Bits and pieces, he was thinking. Carefully put together to make the house look the same as it always had. He had given it all his attention, and there had been satisfaction in seeing the room finished, and the pieces of furniture being brought in, one by one, from the sales and auction rooms. There had been satisfaction, but it was a dry, finite sort of pleasure.
Drinking his evening whisky, alone in here, over the last few months Alexander had wondered whether the recreation of his childhood’s shell was a worthwhile achievement, or merely a refuge.
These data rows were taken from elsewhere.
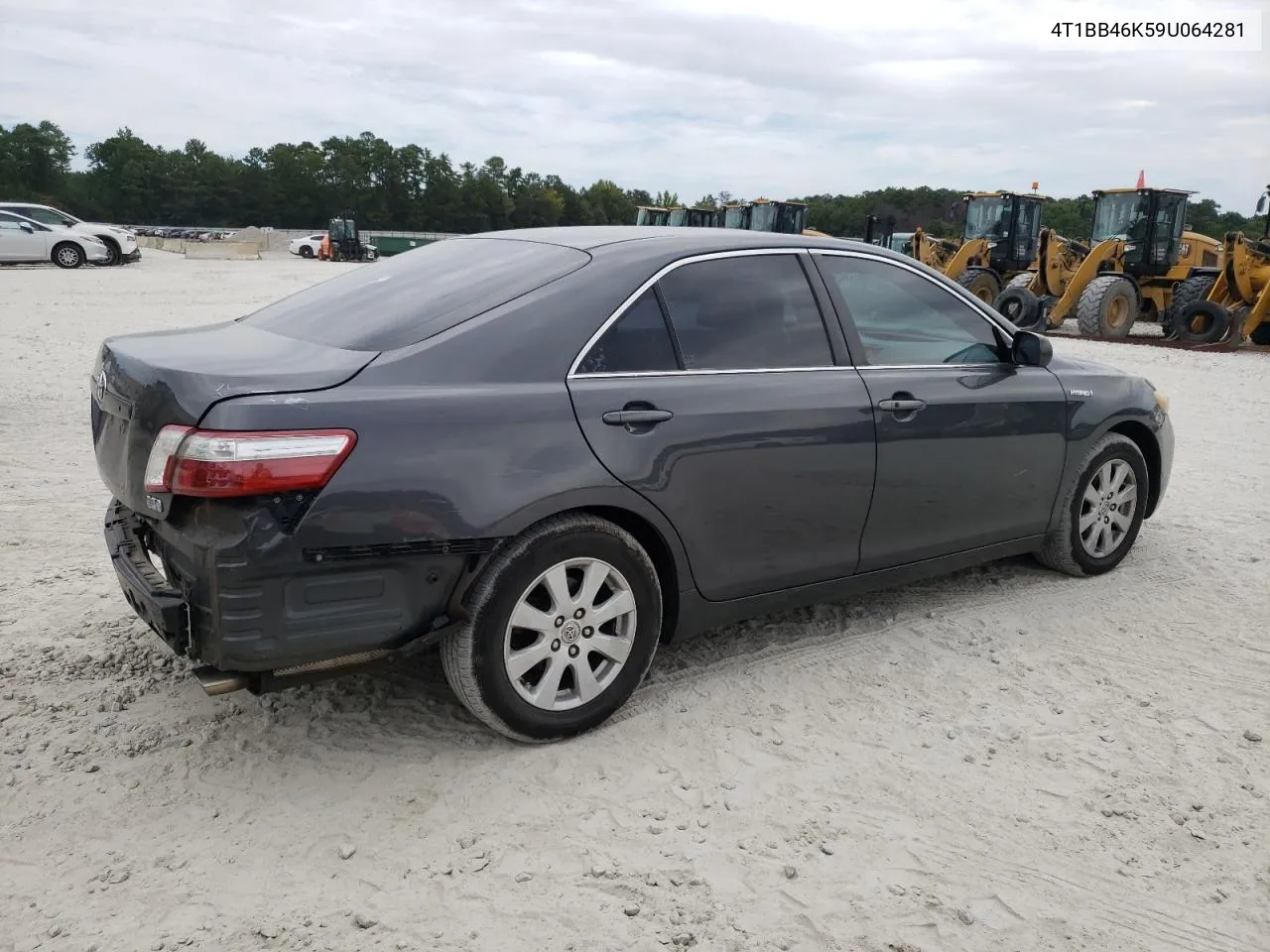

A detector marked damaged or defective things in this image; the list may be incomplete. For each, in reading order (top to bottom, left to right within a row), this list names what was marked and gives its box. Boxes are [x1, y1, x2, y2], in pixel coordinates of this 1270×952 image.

rear bumper damage [99, 498, 484, 690]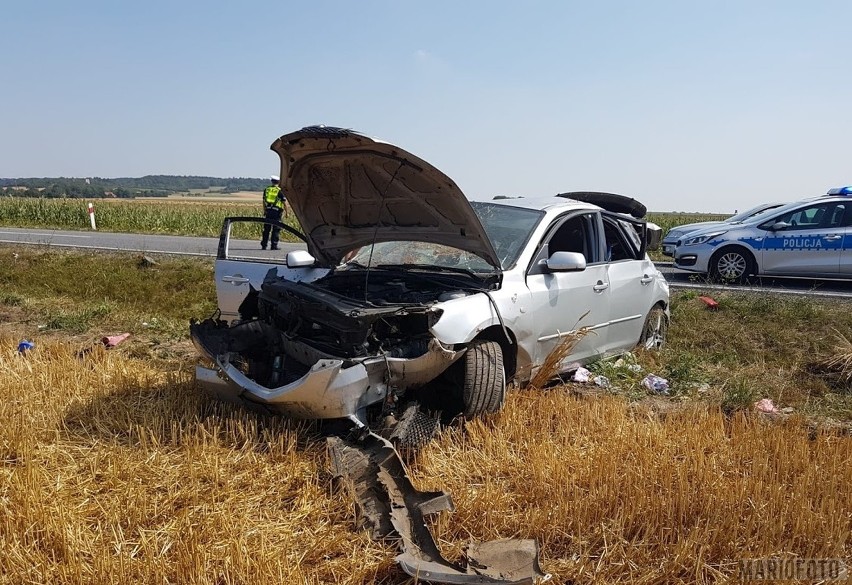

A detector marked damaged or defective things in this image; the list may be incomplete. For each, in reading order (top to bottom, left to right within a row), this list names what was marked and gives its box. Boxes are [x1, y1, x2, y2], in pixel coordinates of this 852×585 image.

white damaged car [190, 125, 668, 422]
shattered windshield [472, 198, 544, 266]
crumpled front end [191, 318, 462, 418]
detached front bumper [191, 320, 462, 420]
torn bumper piece [330, 432, 548, 580]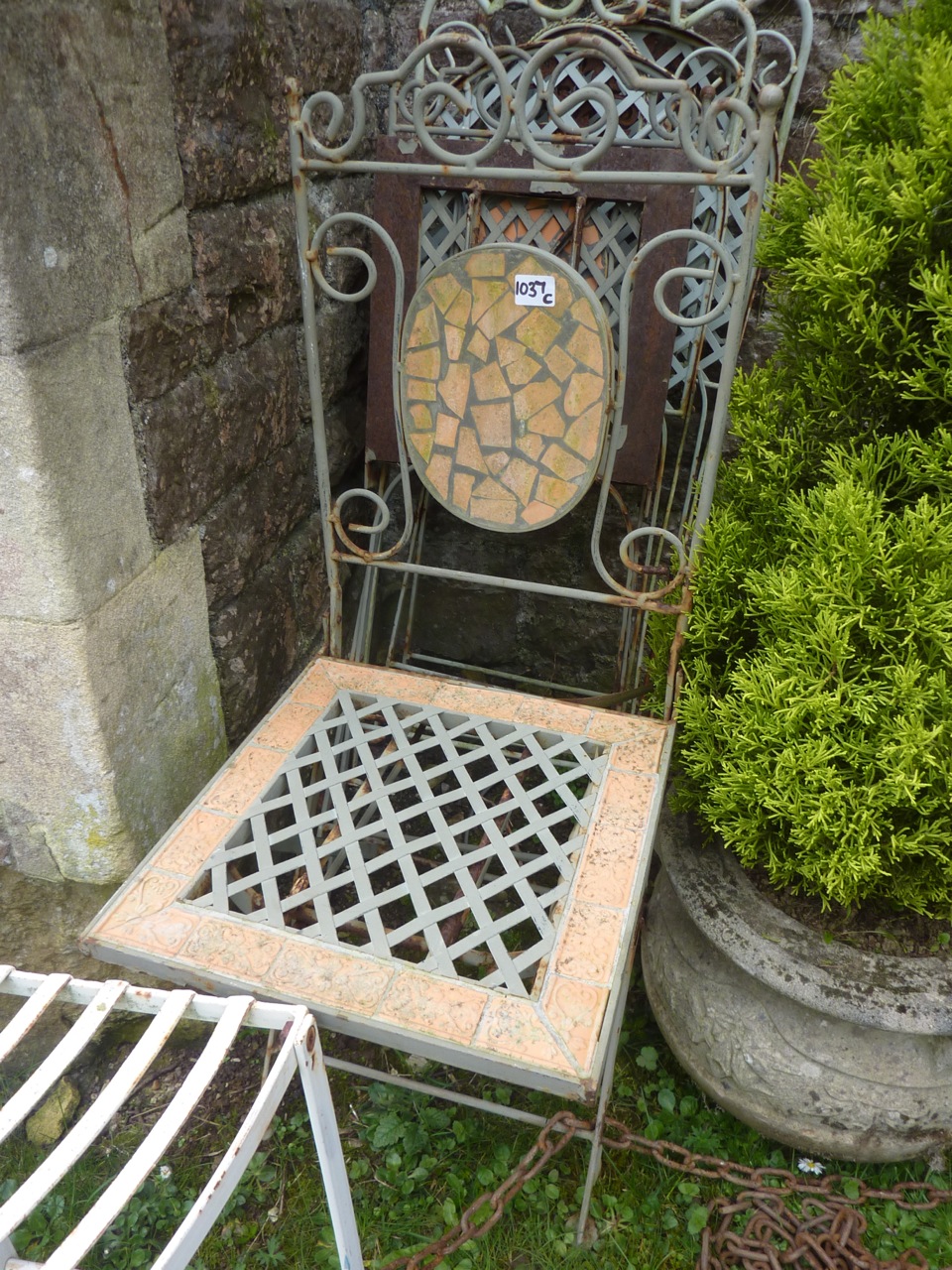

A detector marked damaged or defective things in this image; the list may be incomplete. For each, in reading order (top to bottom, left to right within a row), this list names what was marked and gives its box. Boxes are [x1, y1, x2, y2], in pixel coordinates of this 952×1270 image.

rusty chain [381, 1112, 952, 1270]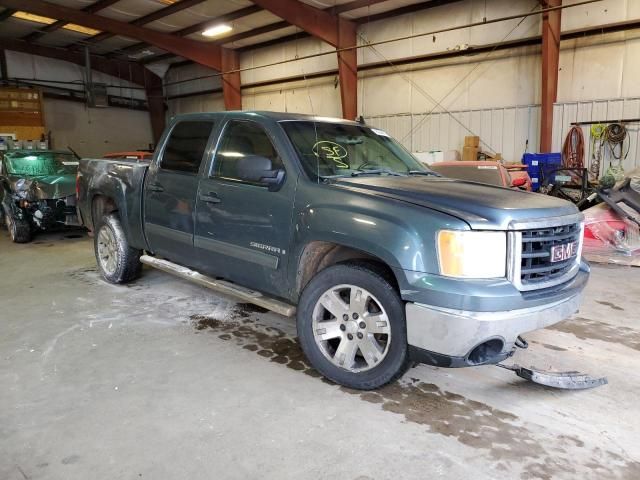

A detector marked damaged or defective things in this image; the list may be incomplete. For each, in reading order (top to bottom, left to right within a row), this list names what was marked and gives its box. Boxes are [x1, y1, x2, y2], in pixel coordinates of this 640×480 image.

damaged vehicle [0, 149, 80, 242]
damaged vehicle [77, 111, 604, 390]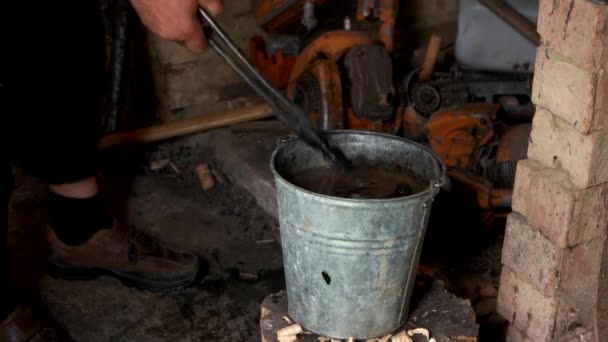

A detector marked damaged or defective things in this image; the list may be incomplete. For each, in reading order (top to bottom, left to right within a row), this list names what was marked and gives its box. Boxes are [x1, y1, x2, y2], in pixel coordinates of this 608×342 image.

rusty metal part [253, 0, 328, 30]
rusty metal part [246, 36, 296, 89]
rusty metal part [294, 58, 344, 130]
rusty metal part [286, 30, 376, 93]
rusty metal part [344, 44, 396, 121]
rusty machinery [249, 0, 536, 230]
rusty metal part [426, 103, 496, 170]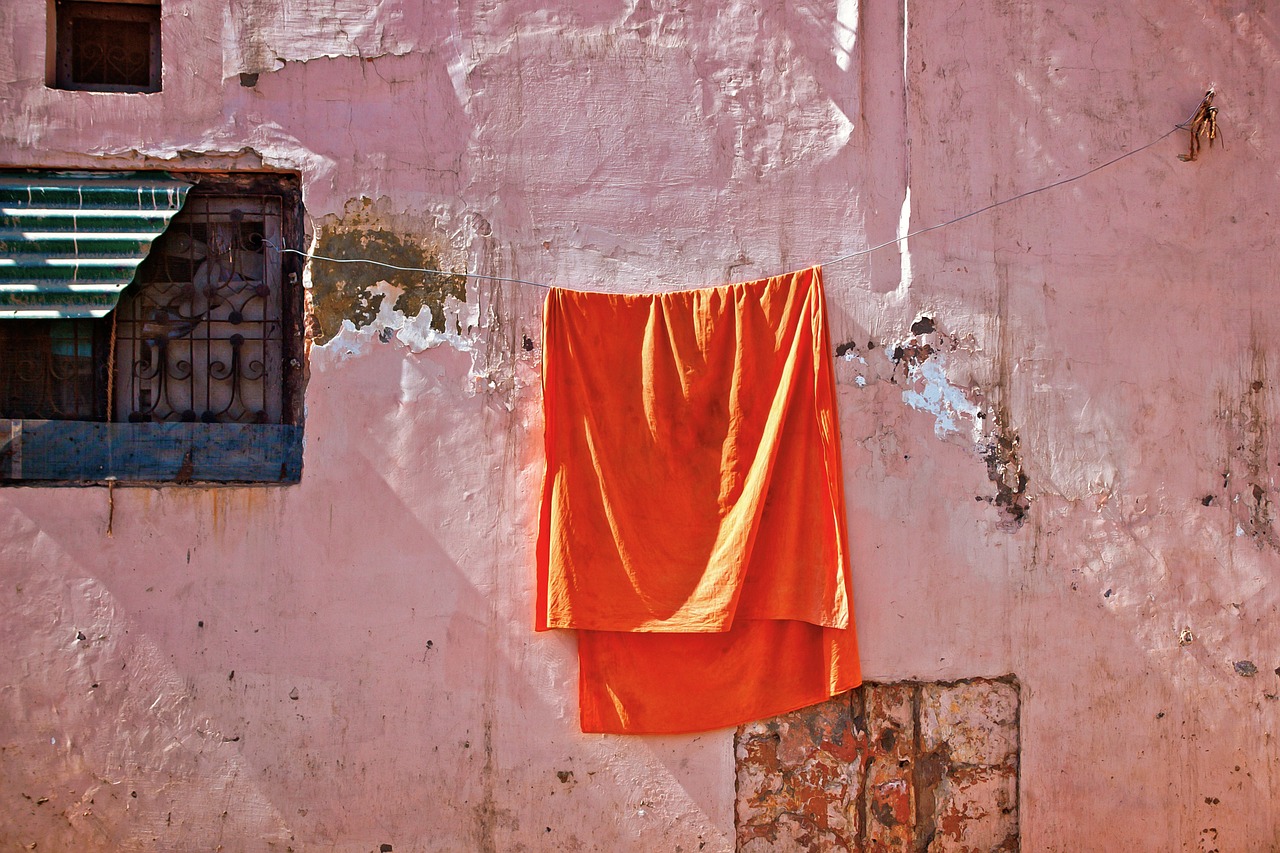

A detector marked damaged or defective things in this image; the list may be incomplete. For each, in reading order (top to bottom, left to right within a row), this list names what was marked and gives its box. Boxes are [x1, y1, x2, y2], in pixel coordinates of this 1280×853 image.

rusty stain [307, 201, 468, 343]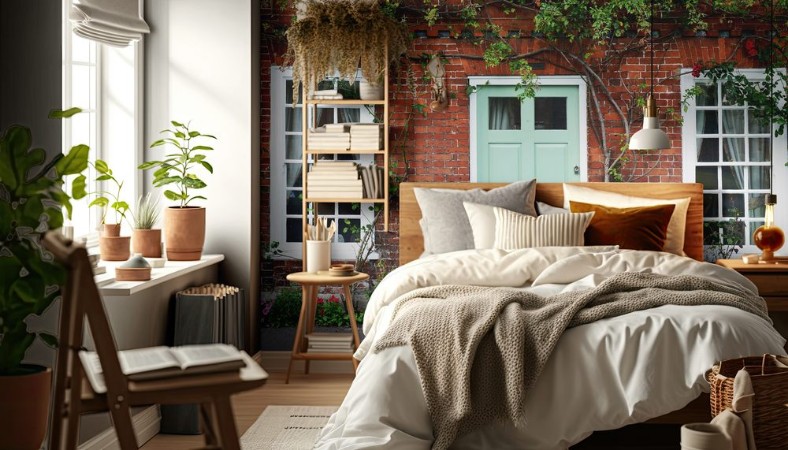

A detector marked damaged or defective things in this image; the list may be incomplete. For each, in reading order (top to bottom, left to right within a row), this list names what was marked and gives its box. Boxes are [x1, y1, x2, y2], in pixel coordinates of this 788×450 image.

rust throw pillow [568, 201, 676, 251]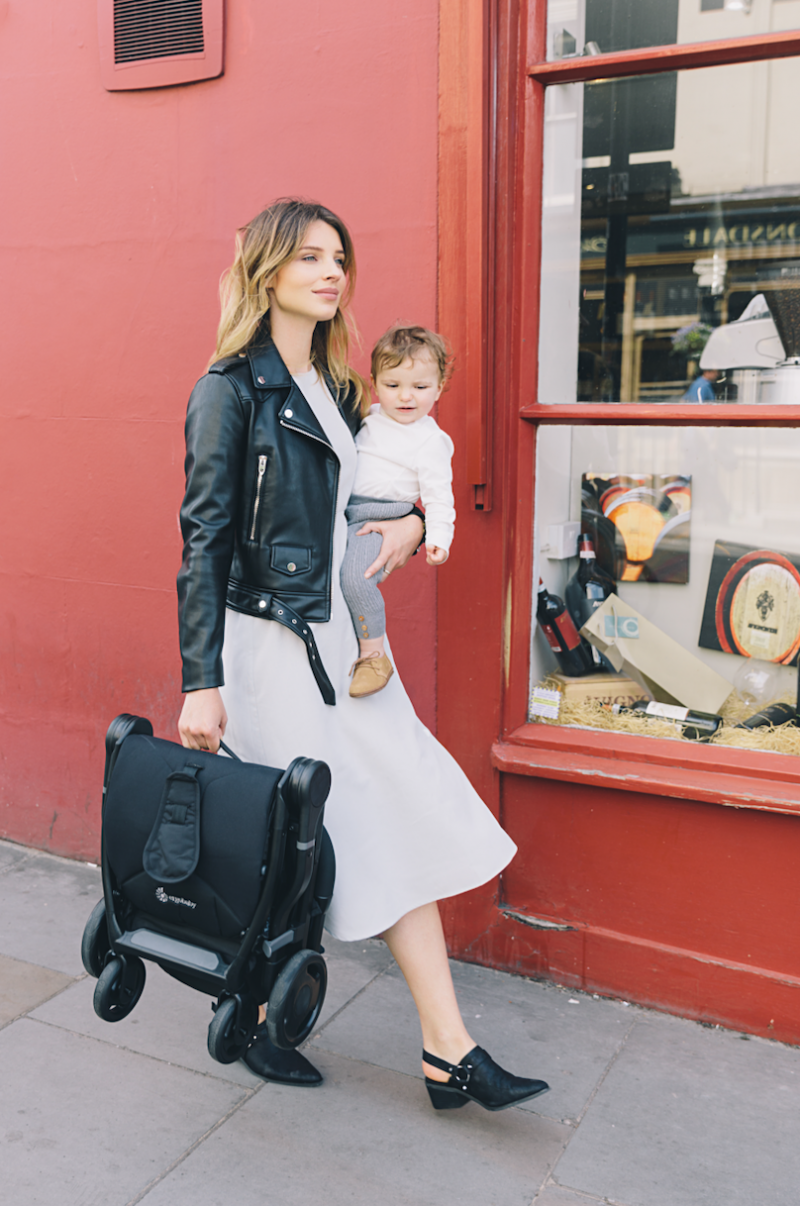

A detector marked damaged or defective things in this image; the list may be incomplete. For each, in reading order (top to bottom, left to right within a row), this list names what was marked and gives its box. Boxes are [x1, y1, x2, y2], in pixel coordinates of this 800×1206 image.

pavement crack [121, 1085, 261, 1206]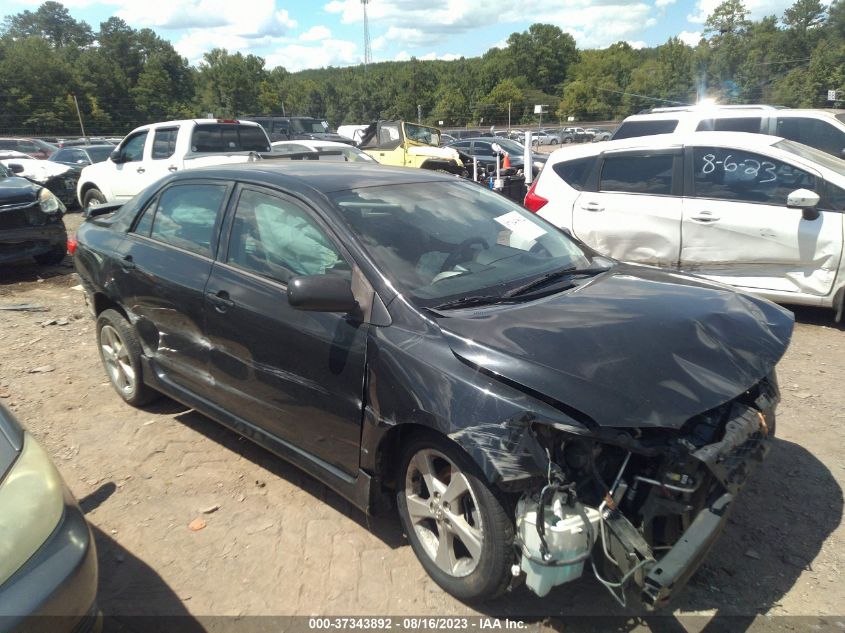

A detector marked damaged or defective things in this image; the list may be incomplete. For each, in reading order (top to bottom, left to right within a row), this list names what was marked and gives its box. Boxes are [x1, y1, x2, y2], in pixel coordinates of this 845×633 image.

damaged black sedan [72, 163, 792, 608]
crumpled hood [436, 262, 792, 430]
black sedan front end damage [508, 372, 780, 604]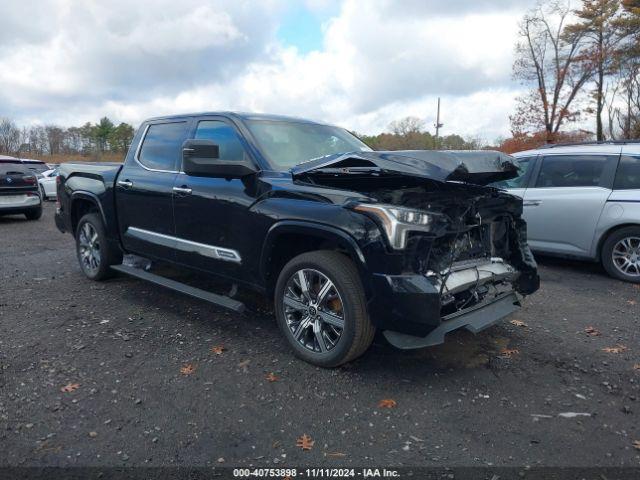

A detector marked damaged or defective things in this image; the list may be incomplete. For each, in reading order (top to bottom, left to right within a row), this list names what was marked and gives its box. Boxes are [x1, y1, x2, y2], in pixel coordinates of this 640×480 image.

crumpled hood [292, 150, 520, 186]
cracked headlight [352, 202, 438, 249]
severe front damage [292, 150, 536, 348]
Lily’s reappearance broke the sombre chain of thought. She stood in the doorway, panting, her flushed face split by a huge smile. She ran across the room and rubbed her cheek against his, bumping and spilling some of his whisky.
‘I do love you.’
She ran out, and when she had gone he wondered why he hadn’t hugged her and told her that he loved her in return. Julia would have done. His own reluctance was his father’s legacy, his father’s and China’s.
Julia was never afraid to let her love show. The expression of it came naturally to her – the obviousness of her love for Josh Flood was what had hurt him so deeply long ago. He had seen another manifestation of it today as they stood on the pavement outside her house. Love radiated out of her, all directed at Lily. Julia had lost none of her directness over the years, nor any of the intensity of her reactions to the people she cared for. Her loves and fears and needs were as unconfined as they had always been, in contrast to his own, ever more carefully preserved invulnerability.
It was Julia’s clarity that made her lovable; he had loved it from the day Sophia brought her to meet him. The fresh recognition of it had made him want to kiss her today. He had wanted to do more than that, but her startled expression had convinced him that he should step back, return his hands to his pockets, and concentrate on Lily and the drive to Ladyhill.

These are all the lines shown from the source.